Climate change is affecting the Chesapeake Bay and rivers and streams across the watershed—adding more stress to a system still out of balance. Water and air temperatures are increasing, putting both wildlife and people at risk of dangerous heat and worsening the Bay’s low-oxygen dead zone. Sea levels are rising at a rate nearly twice the global historic average, causing damage to habitat and property. And record-breaking storms are becoming more common, washing more pollution into rivers and the Bay. All of this makes achieving pollution-reduction targets more difficult. Watershed-wide, EPA and the states agreed practices need to be in place to reduce an additional 5 million pounds of nitrogen and 0.5 million pounds of phosphorus by 2025 to account for climate change. The states must incorporate these additional reductions into their Blueprint plans beginning in 2022. Preliminary estimates indicate that number could double—requiring 10 million pounds of additional nitrogen reductions—by 2035, highlighting the urgency of addressing climate change impacts now, rather than later.

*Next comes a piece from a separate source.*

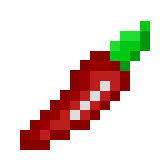 chili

Land Development and Accounting for Growth
Preliminary data suggest that between 2014 and 2018, the Chesapeake Bay watershed experienced a net change of 270,000 acres of forest and non-urban tree canopy due to such land use/land cover modifications as timber harvest, urbanization, agricultural expansion, and other drivers. Preliminary data suggest that within the watershed, we have added nearly 25,000 acres per year of new urban land over a recent four-year timeframe. These are troubling figures for the watershed’s future. Forests and other open lands provide wildlife habitat, moderate heat, supply fresh water for drinking, trap carbon, and are crucial for filtering out pollution before it reaches rivers, streams, and the Bay. But none of the states are accounting for or adequately offsetting the effects of this loss. Nor do state regulations adequately account for the additional polluted runoff generated by new roads, lawns, buildings, and other hard surfaces. To achieve the Blueprint by 2025—and protect the long-term health of streams and the Bay—this must change.
Federal Accountability and Partnership
EPA is the only independent party that can hold states accountable to their Blueprint commitments. It is required to exercise its authority under the Clean Water Act to ensure that all Bay jurisdictions develop plans that meet their targets for reducing pollution by 2025. To date, the agency has failed. After EPA initially accepted inadequate plans from New York and Pennsylvania, CBF and our partners, in conjunction with three watershed states and the District of Columbia, sued the agency in 2020. But plans alone are not enough. Pennsylvania is due to submit an updated plan to EPA, but the agency must ensure there is reasonable assurance the Commonwealth can implement it on time. Pennsylvania’s historically paltry funding for clean water and enormous gap in progress to date indicate the need for drastic change. EPA must take much more forceful action to ensure that change happens.
Additionally, the Bay restoration’s federal partners must step up to the plate. The best chance to achieve the Blueprint is a major acceleration of conservation practices on farms, particularly in Pennsylvania. The same practices that improve water quality can reduce greenhouse gas emissions and build resilience to climate change. The federal government should urgently direct all possible resources to support this effort and the United States Department of Agriculture (USDA) should establish the Chesapeake Resilient Farms Initiative to ensure that sufficient levels of federal funding for agricultural conservation practices are sent to areas in the watershed that will have the greatest impact.